There is one island where you can bring your car, Madeline Island. But it’s not part of the park. We watched the Madeline Island Ferry start its journey to that island.
John was curious about one boat, the Shenenon (T-465), at the pier. So he took some pictures and, being the geek he is, did some research. It’s a converted tug-transport (hence the T designation) built in 1953. It’s now part of a fleet operated by the National Oceanic and Atmospheric Administration (NOAA) Great Lakes Environmental Research Laboratory. Nothing spooky-ish about that. At least it wasn’t a black boat.

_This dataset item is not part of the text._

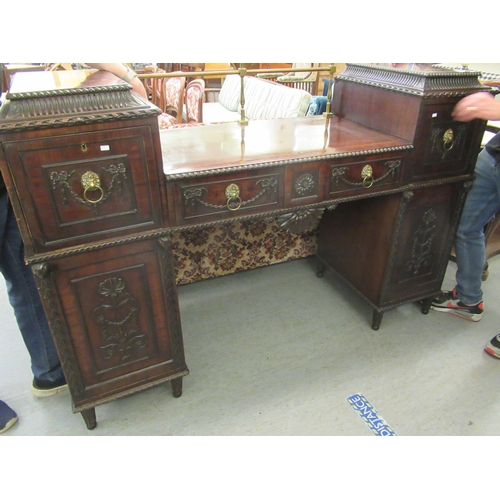 252 - A William IV mahogany drop well sideboard, the two pillars containing a drawer and cellarette drawer...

Chloe REALLY wanted to be up front on top of the boat so we wandered down to the pier extra early (so early we got a sunburn and a prize for being first in line). We kept looking at the boats trying to figure out which one was ours but none looked new or high speed so we figured it was out on a tour. It wasn’t until we were on the boat that they told us their high speed boats were on order but delayed. If you’re following the joke you realize our brains immediately locked onto the important point in that information… we were about to depart on a three hour tour!
It was a good tour, though a bit long, and we all did make it back safely. The guide told us about the different islands and wove the stories together to give us an idea of the history of the islands as the different peoples and animals came through.
We saw beautiful lighthouses…
a quaint fish camp…
awesome sea caves…
and Canada. Yep, once again we were very close to the Canadian border. We also came close to one of the ship wrecks but not quite close enough to see anything, darn!
Sailing back into the harbor, the bucolic town of Bayfield sand to us for we heard music echoeing from a band playing in the town’s gazebo.
The charter company also runs shuttles out to certain islands to drop off and pick up people that are hiking, camping, kayaking or just touring for the day. Our cruise gave us a good overview of the islands but I felt that we missed out. I hope to go back someday and get off the boat to walk on the trails and feel the woods, the lake and the solitude that awaits those that seek it.